Task item —
Only the lines from the one containing "怎样平衡家庭和工作的关系？" to the end of the listing below should be returned, exactly as written and without pictures.

The input —
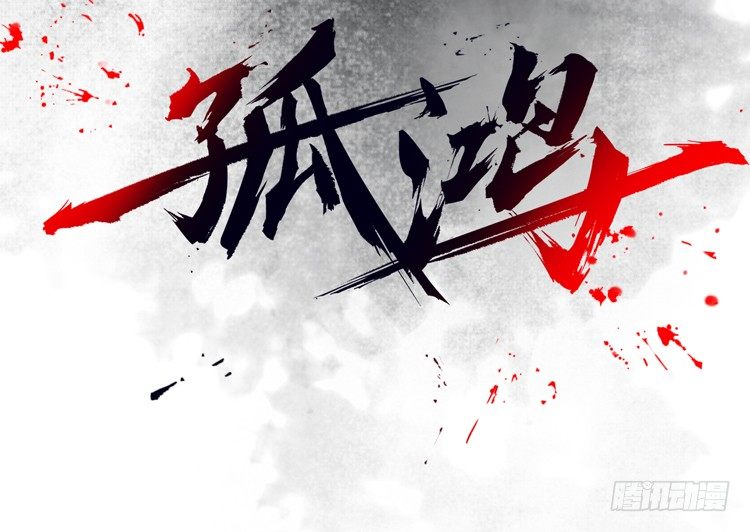 愿红尘中人放下执念(1/2)-第6话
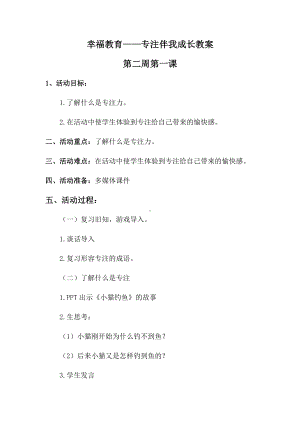 幸福教育2《专注伴我成长》教案教案,教学设计（2022 全国 品格教育 合集资料包（道德与法治 思想品德教育 主题班队会）.docx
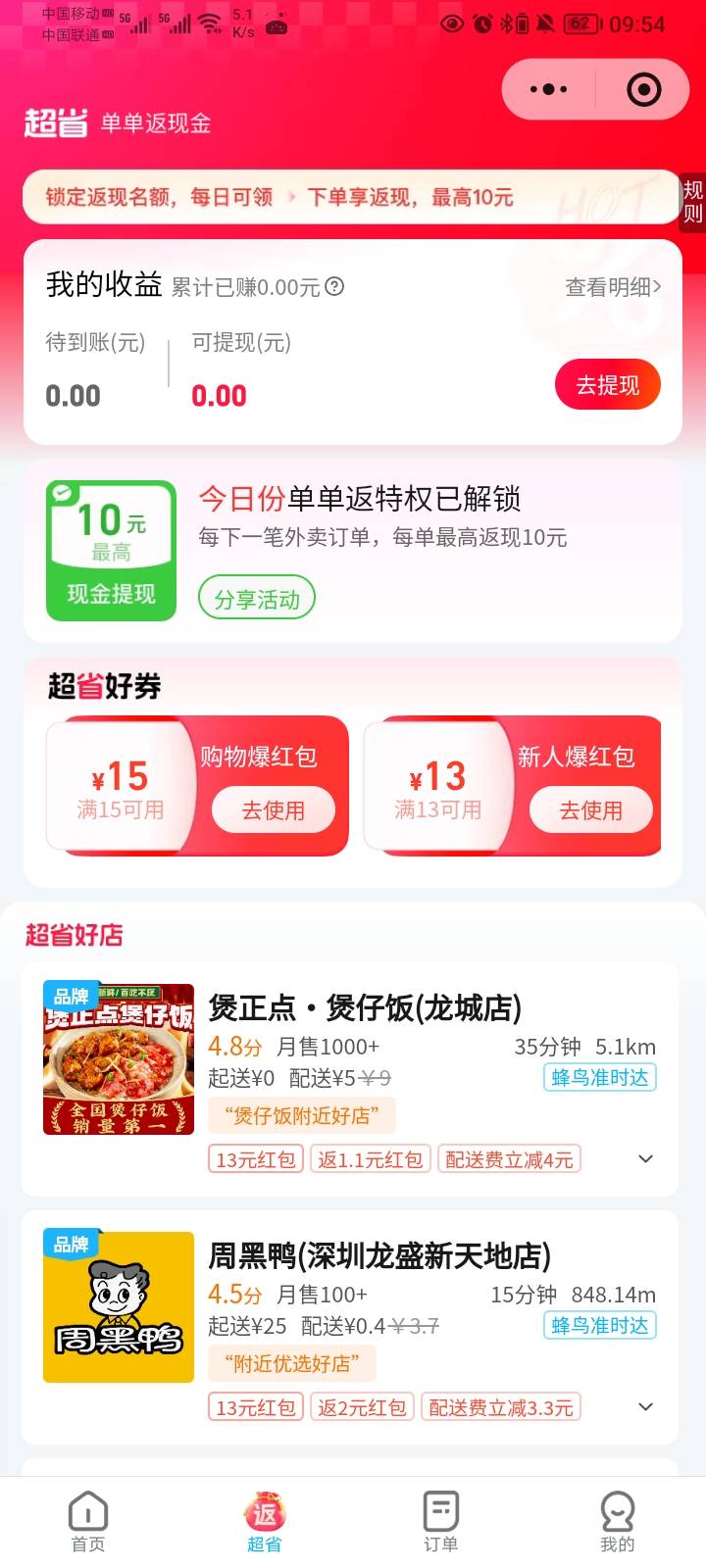 美团这波我真的哭了 淘宝闪购一边呆着去
1 / 作者:哦组水龙头 / 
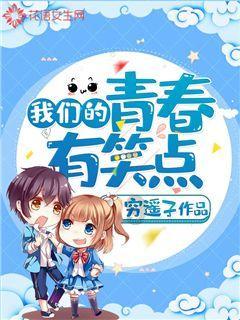 怎样平衡家庭和工作的关系？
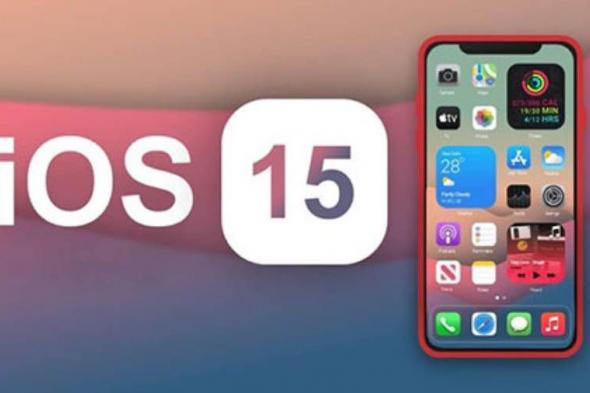 ميزة تاريخية من أبل لنظام"iOS 15".. ما هي؟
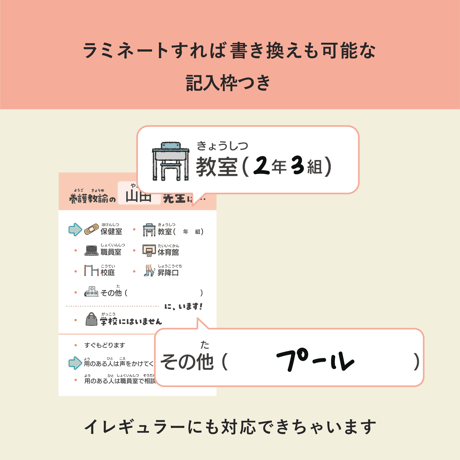 養護教諭のための所在表（シンプル版）テンプレートセット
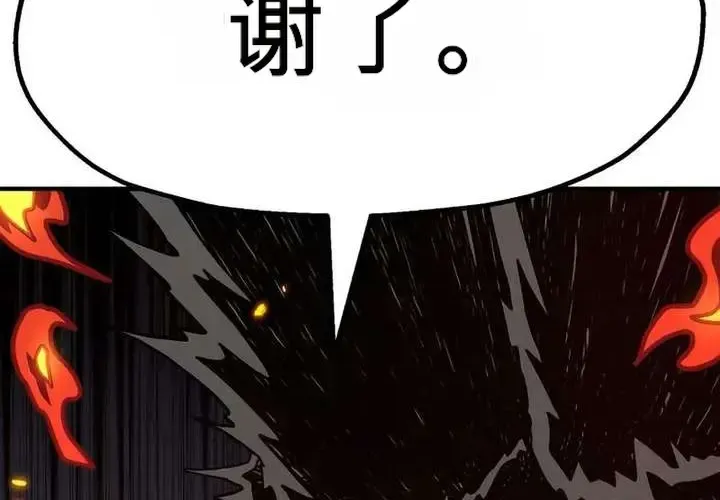 第297页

Result for this exercise —
 怎样平衡家庭和工作的关系？
 ميزة تاريخية من أبل لنظام"iOS 15".. ما هي؟
 養護教諭のための所在表（シンプル版）テンプレートセット
 第297页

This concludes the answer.